| BRIEF |
Give the data again exactly, without images.

Captioned web images:
'''

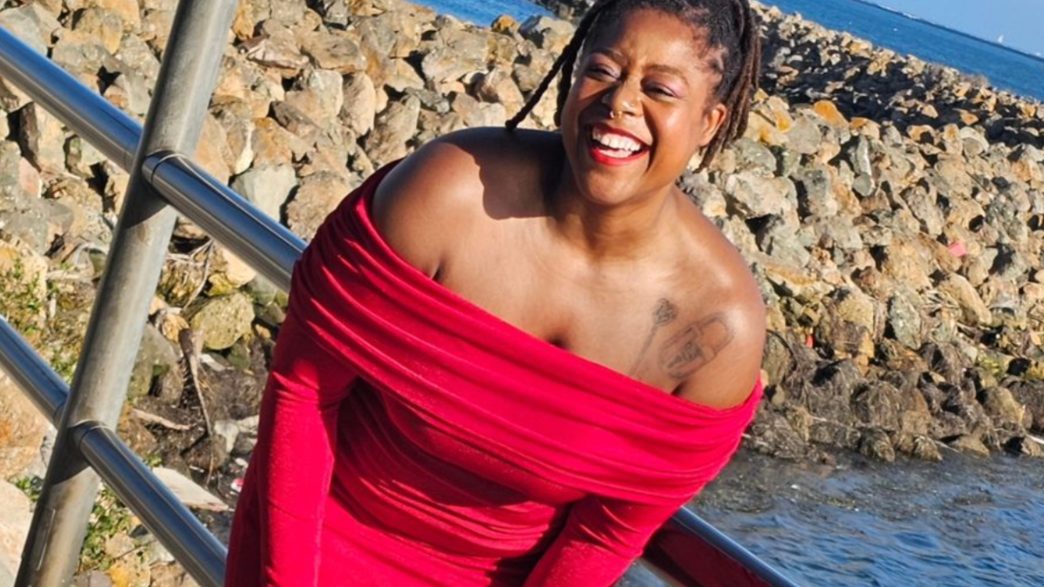 a person in a red dress smiling by the water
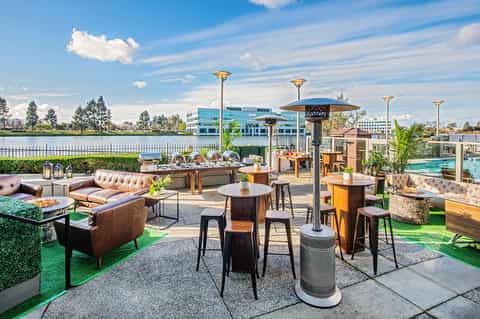 Upscale outdoor terrace with leather seating, firepit, and waterfront views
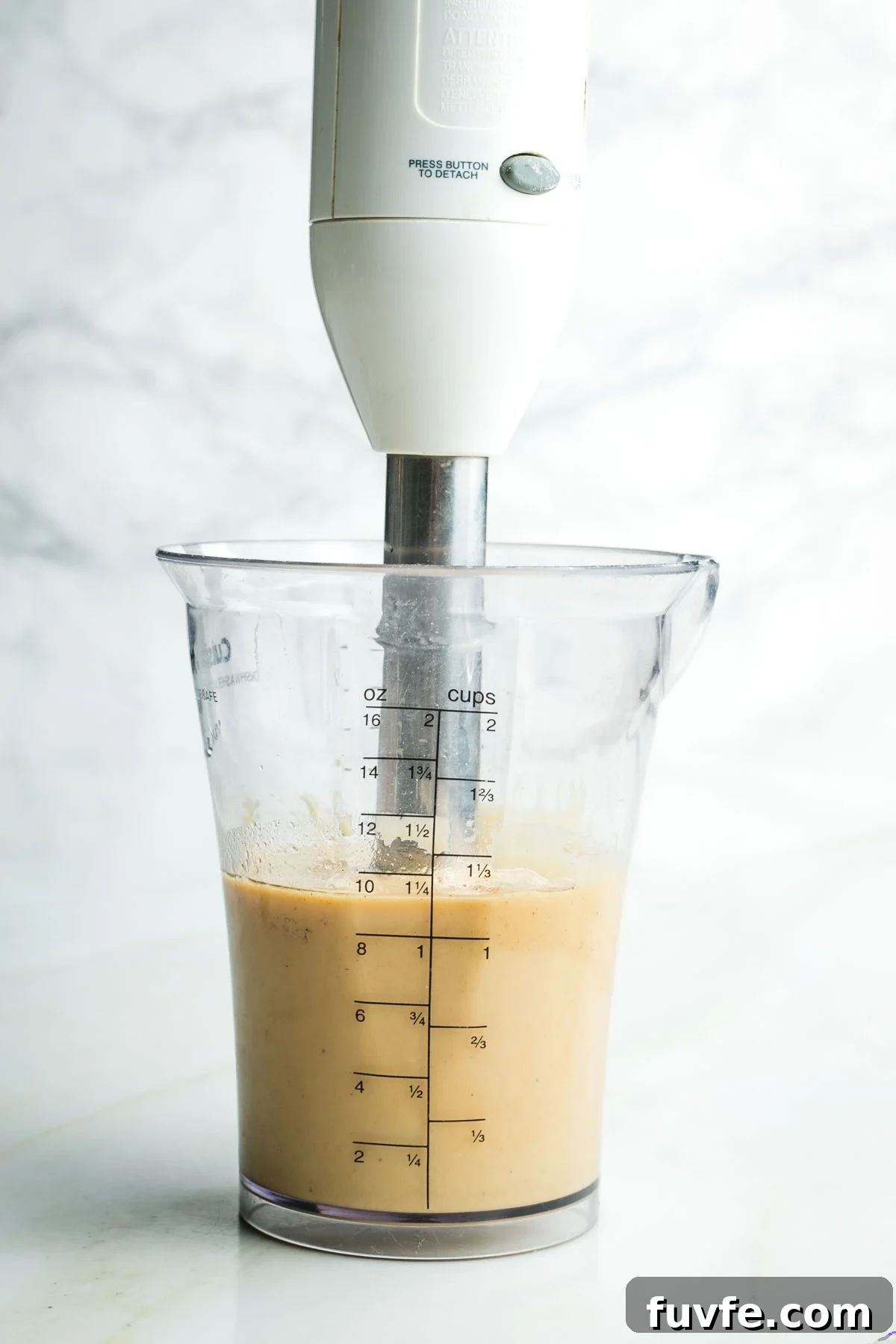 Immersion blender creating a creamy light tan dressing in a cup.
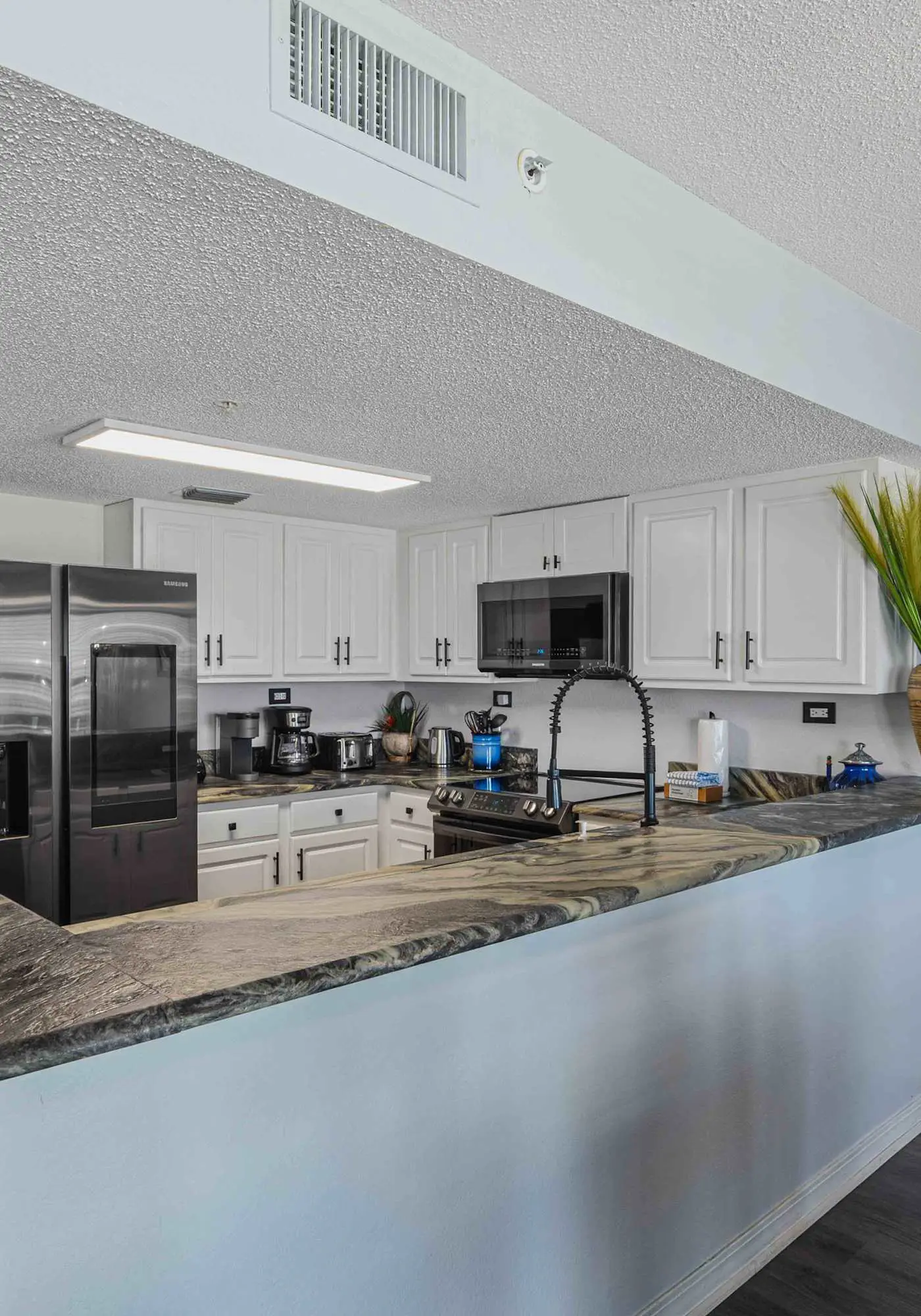Beachfront condo with gulf views, pool, gym, & private balcony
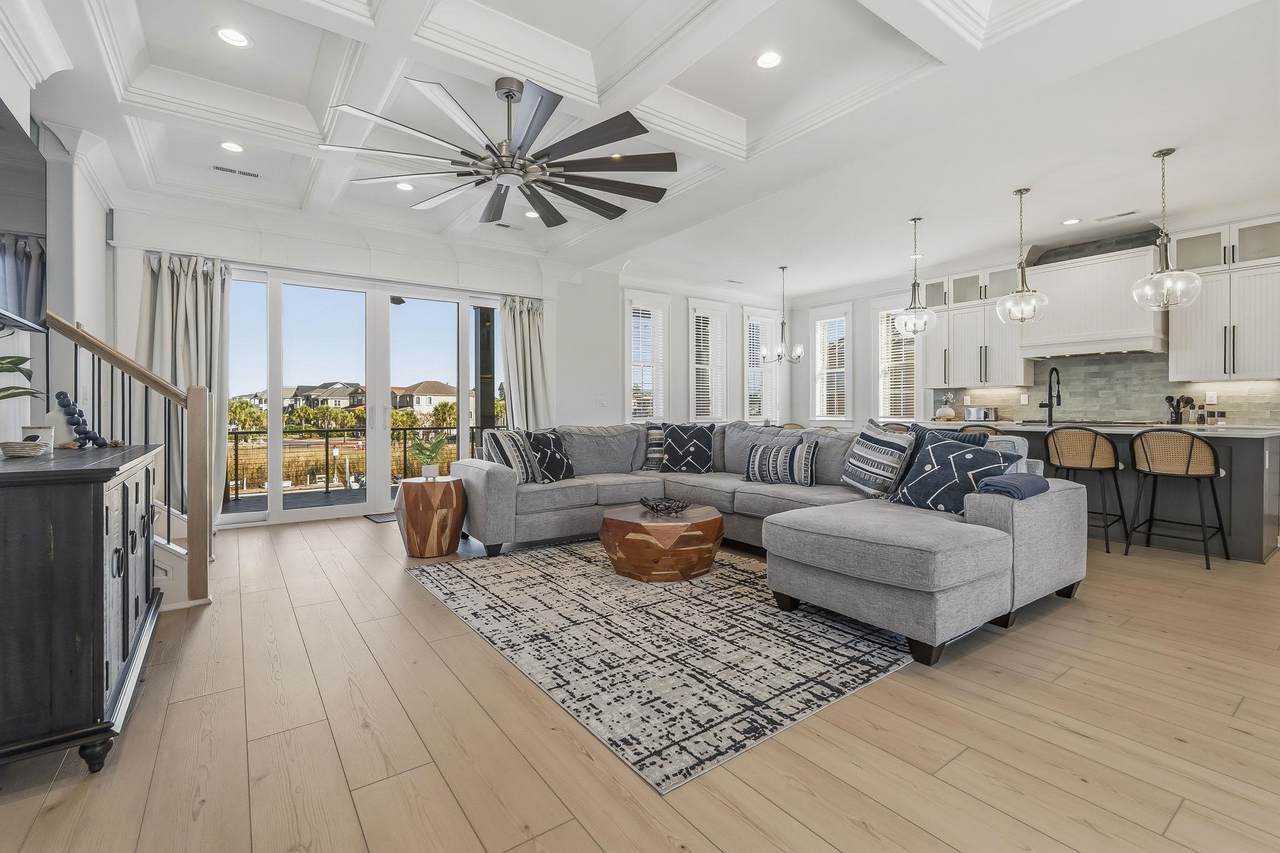 Living and dining space opening toward the rear deck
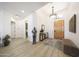 Inviting foyer with a stylish light fixture, wood-look tile flooring, and decorative accents at 13458 W Coronado Rd, Goodyear, AZ 85395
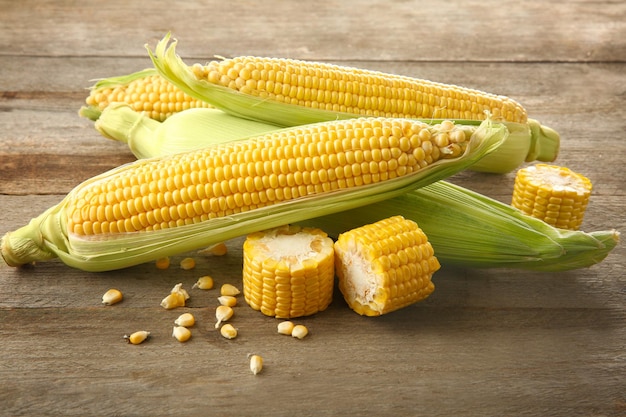 Fresh corn cobs on wooden table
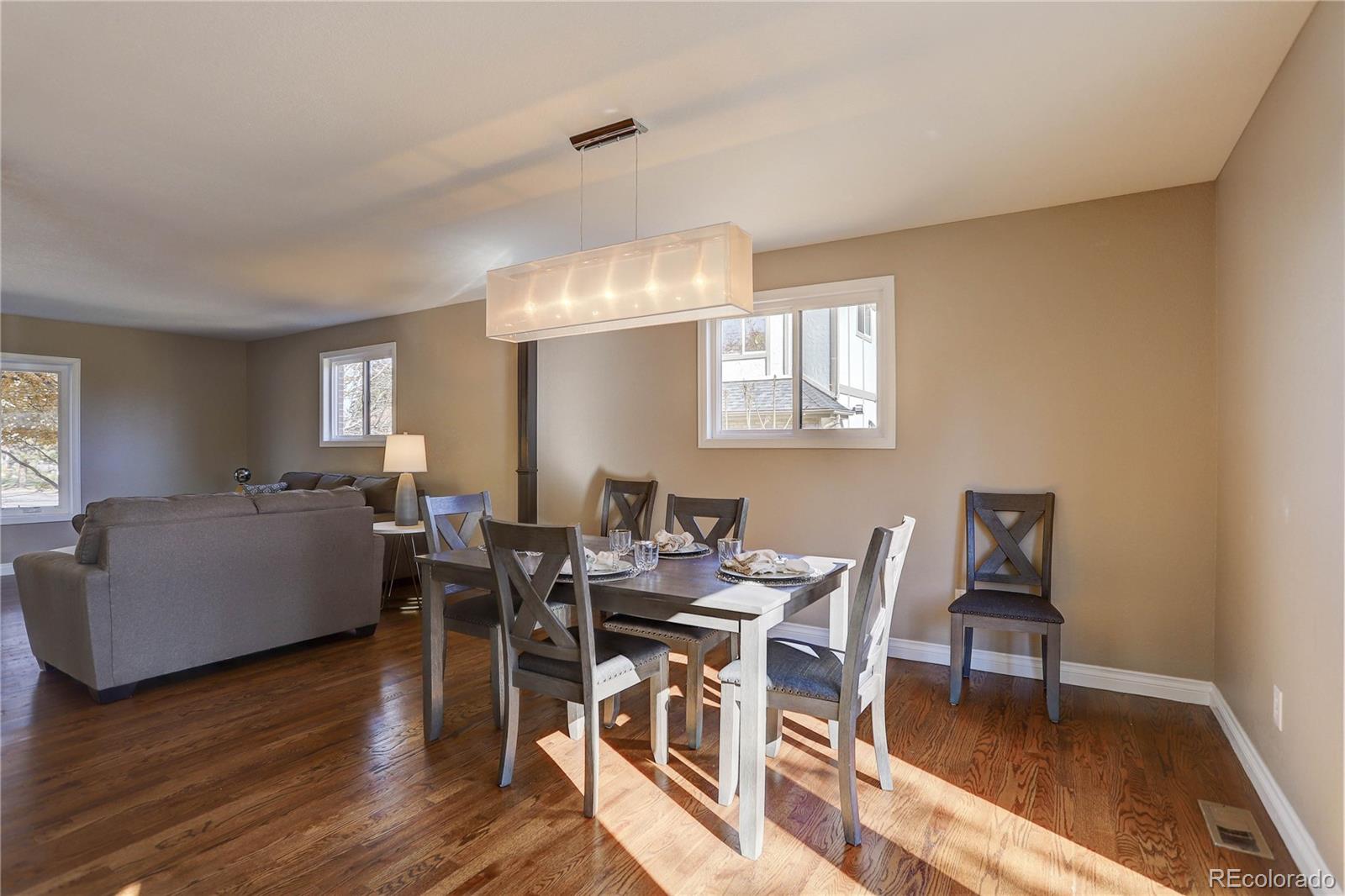 3804 Simms Street Wheat Ridge, CO 80033 - Photo 8 of 40 a view of a dining room with furniture and wooden floor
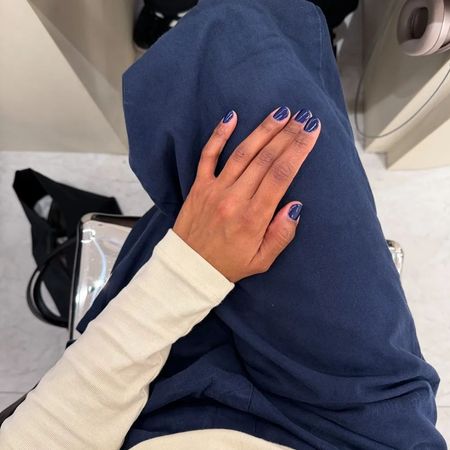 A woman taking a picture of her navy blue manicure, wearing matching blue trousers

'''

| EXERCISE ANSWER |
 a person in a red dress smiling by the water
 Upscale outdoor terrace with leather seating, firepit, and waterfront views
 Immersion blender creating a creamy light tan dressing in a cup.
Beachfront condo with gulf views, pool, gym, & private balcony
 Living and dining space opening toward the rear deck
 Inviting foyer with a stylish light fixture, wood-look tile flooring, and decorative accents at 13458 W Coronado Rd, Goodyear, AZ 85395
 Fresh corn cobs on wooden table
 3804 Simms Street Wheat Ridge, CO 80033 - Photo 8 of 40 a view of a dining room with furniture and wooden floor
 A woman taking a picture of her navy blue manicure, wearing matching blue trousers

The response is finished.